News Briefs

Sea lions attack

Multiple attacks on swimmers by sea lions might be the work of a lone pinniped perpetrator. Photo: Martayerbe

San Francisco’s Aquatic Park was closed temporarily in December after several swimmers were attacked by a sea lion. Two of the attacks that took place within a 24-hour period in mid-December prompted the closing for several days.

Sea lions are not noted for their aggression, so the unusual behavior has led some wildlife experts to suspect that the attacks were all carried out by one animal.

Swimmer Rick Mulvihill told KPIX 5 that on Dec. 15, he was swimming in Aquatic Park when he was attacked: “I was just swimming along and whatever it was — everybody’s thinking it’s a sea lion now; I never saw him — came up from underneath me and hit me. It’s like being in a car accident.”

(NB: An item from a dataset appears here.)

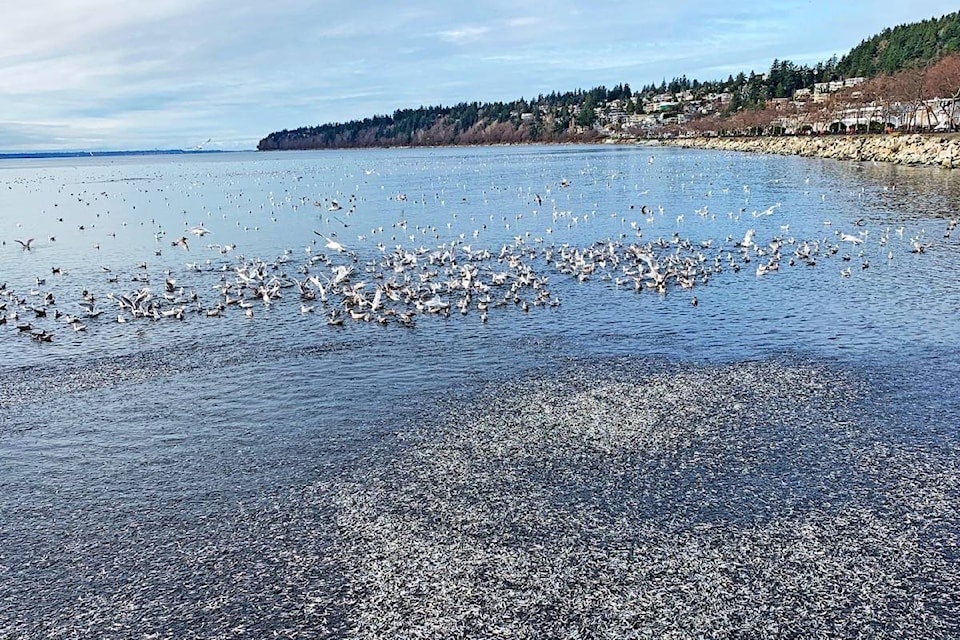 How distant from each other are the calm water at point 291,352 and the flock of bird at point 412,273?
36 centimetres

Upon the reopening of Aquatic Park Cove for swimming, the National Park Service posted an alert, warning swimmers to “Please remember that marine mammals are wild animals, in their natural habitat, and that their behavior can be unpredictable. Give them a wide berth!”

NPS also shared a 2015 case study of sea lion bites, which noted that “attempting to touch or pet sea lions or seals is inadvisable and prohibited by the Marine Mammal Protection Act. Swimmers should leave the water as soon as possible after a bite or encounter.”